Four Levels of Staff Management
At the Base: Operational Staff Management
Since work relationships between employer and employee carry a certain exchange, cooperative and hierarchical dimension, such a relationship is never really free from tension. This is the reason why management is quite important at this level. This means that several factors need to be carefully assessed:
- Who is or is not appropriate for a certain function.
- Achievements need to be assessed and properly rewarded
- Skills need to be maintained or updated (through, for example, training courses)
This is the most visible part of staff management, often implemented by those that are directly leading those on the work floor (such as team leaders, or managers).
Setting Course: Strategic Regulation
Companies and institutions depend on their ‘environment’ for their existence. They have to fulfill a function on the economic market, possess sufficient financial means and be able to attract employees. So, in every organization, decisions have to be made to safeguard the existence and longevity of the organization. These decisions are often made by the top of the organization, the board of directors, for example. Such decisions, in turn, have a substantial influence on the role of the staff in the company.
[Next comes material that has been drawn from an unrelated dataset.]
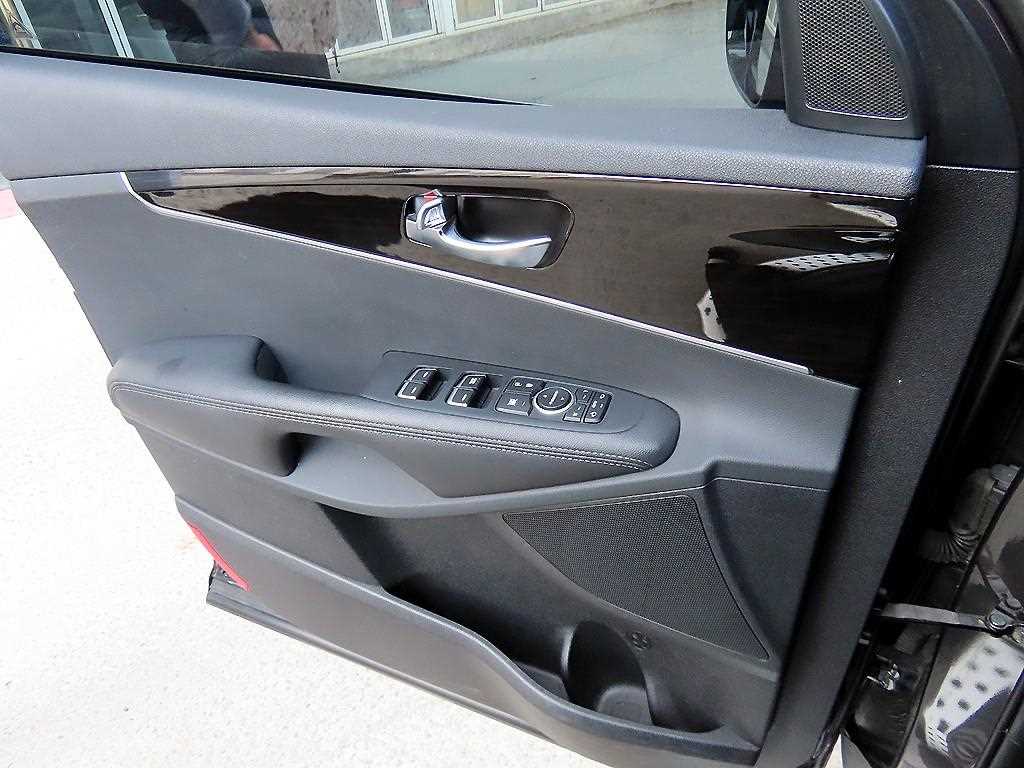 KIA Sorento - Vista 11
The focus of this level lies on the maintaining of the longevity and continuity of the organization, more than on the staff events themselves.
Fitting Up the Company: Tactical Staff Management
After the course is set, the company needs to be organized in such a way that the goals that are set can indeed be achieved. Based on the chosen course, means have to be chosen and distributed, with attention to the strategic points mentioned in the previous paragraph. Strategic and tactical decisions are indeed often considered and made in close internal coherence.
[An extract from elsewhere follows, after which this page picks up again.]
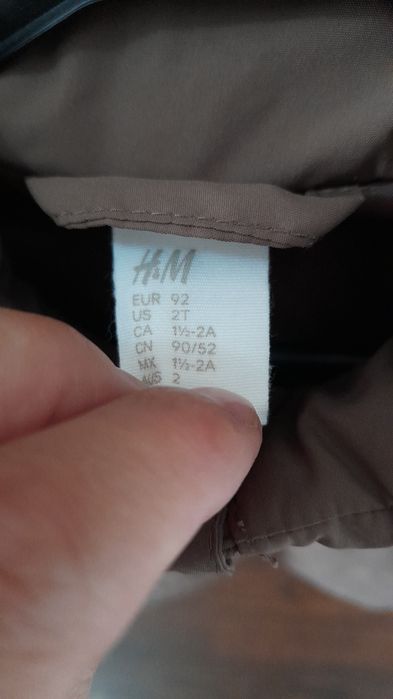 Vând vesta nr 92 cm H&M . În stare foarte bună!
When determining the paths that could lead to the fulfillment of the set goals, a thorough insight in the effects on staff level of different decisions is advisable.
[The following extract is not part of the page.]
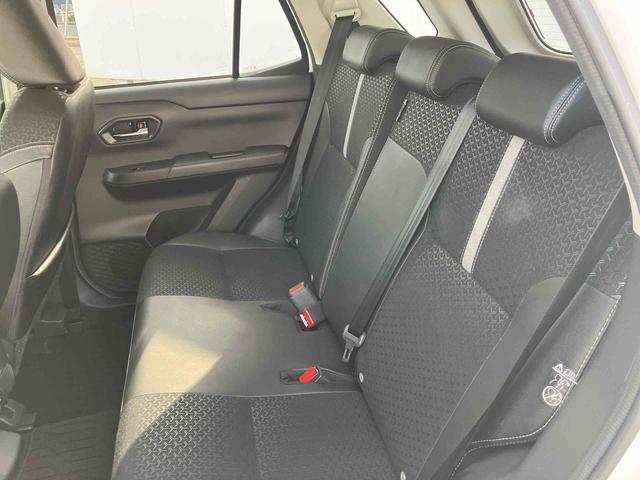 ロッキープレミアム走行距離無制限１２ヶ月保証付き　衝突軽減システム　ＢＴオーディオ　シートＨ　禁煙　ＥＴＣ車載器　車線逸脱警報　ＵＳＢ　スマ−トキ−　Ｂカメラ　アルミホイール　ＡＣＣ　キーフリーシステム　ドラレコ（大分県）の中古車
Staff Management and Society: Institutional Regulation
Organizations or companies also generate social effects on a large scale. They determine the wealth level of a country or region, create job opportunities and decide who can partake in the work process. So it is not surprising that work relationships (just as the companies themselves) are subject to social or institutional control. In the course of industrial history an intricate network of labor institutions is brought into existence (such as unions). These exert influence on what can and cannot be done in the relationship between employer and employee.